I am just technically challenged, no two ways about it. It's really a wonder that I can do this blog at all!
In my last post about rejection, I had cut and pasted a Scripture verse [Ps. 94:14] into the post. Unfortunately, it split in two with 1/2 above and 1/2 below my other verse [Prov. 3:5-6]. I have no idea how this happened, but when it did, I lost the link to the Proverbs 31 devo about rejection. So ......
First of all, here's the correct link to the devotion
(written by Lysa TerKeurst, President of Proverbs 31 Ministries):
And while I'm here at the keyboard, I can't resist adding some additional nuggets :)
I have already heard from some of you what a timely topic this was for you, too. From job loss to family issues to friendship hardships, it's been just tough all around. Some of us are feeling the sting of recent rejection, and some of us are still trying to deal with past rejection, trying to make sense of it, to overcome it, to let the pain of it subside. Emotions may have been buried, but never confronted, and so they fester only to erupt later.
I want to share with you part of a comment that was left anonymously on the P31 devotion:
"Disappointment is a part of life. Not a pleasant part, but one that affords the opportunity to wallow in self pity like the spoiled brat OR be redirected, realigned, brought into right relationship. Like the merging lane to enter the freeway, disappointment will end and we'll be on our way- on His straight path- as we trust in Him with all our hearts (Prov 3:5). If the road seems excessively bumpy, I may want to consider if I've continued down the side of the road, hanging on to disappointment, instead of following in the direction the LORD has prepared."

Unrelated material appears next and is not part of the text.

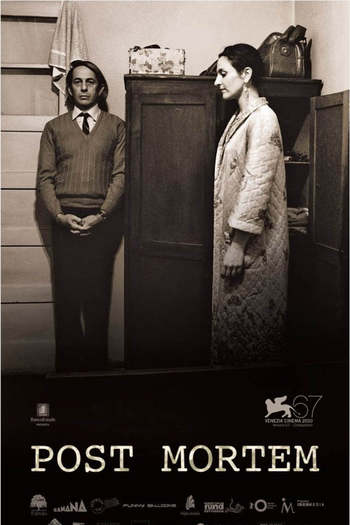  de Filme Pós Morte (2010)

This comment really hit home for me. I don't think I'm necessarily a "spoiled brat", but I sure do like to "wallow in self-pity" sometimes. If I don't want to hang on to disappointment, rejection, or any other emotion that will keep me from enjoying God's best, I need to readdress my focus (as I've shared previously). Lysa's devo closed with these encouraging words:
But God's girls have a beautiful promise tucked in our pocket that lets us smile even when tears puddle in the corner of our eyes. Even when there's no rainbow, pot of gold, or galloping prince, we have the promise of redemption.
On the other side of every death there will always be a resurrection of some sort. Maybe not a resurrection of our circumstances. And maybe not a resurrection of things lining up like we thought they should. But there will be a resurrection. Jesus has insured that.
Nothing in this world can permanently strip hope from our lives when we know we do "not follow cleverly invented stories…about the power and coming of our Lord Jesus Christ" but we follow the reality of the Risen One (2 Peter 1:16, NIV). He is our resurrection.
He is our hope.
He is that beautiful reminder that rejection from man never means rejection from God.
And He is the one who is weaving a story into our life that will one day make sense.
Dear Lord, I know You suffered the sting of rejection in a much more intense way than I ever will. And while this rejection is small in the grand scheme of life, it feels huge in my heart right now. Will You help me process this? Will You help me see past it? Will You let this fragile heart feel the warmth of Your acceptance and love today? In Jesus' Name, Amen.
Thanks to Lysa and the anonymous commenter for adding such timely insights!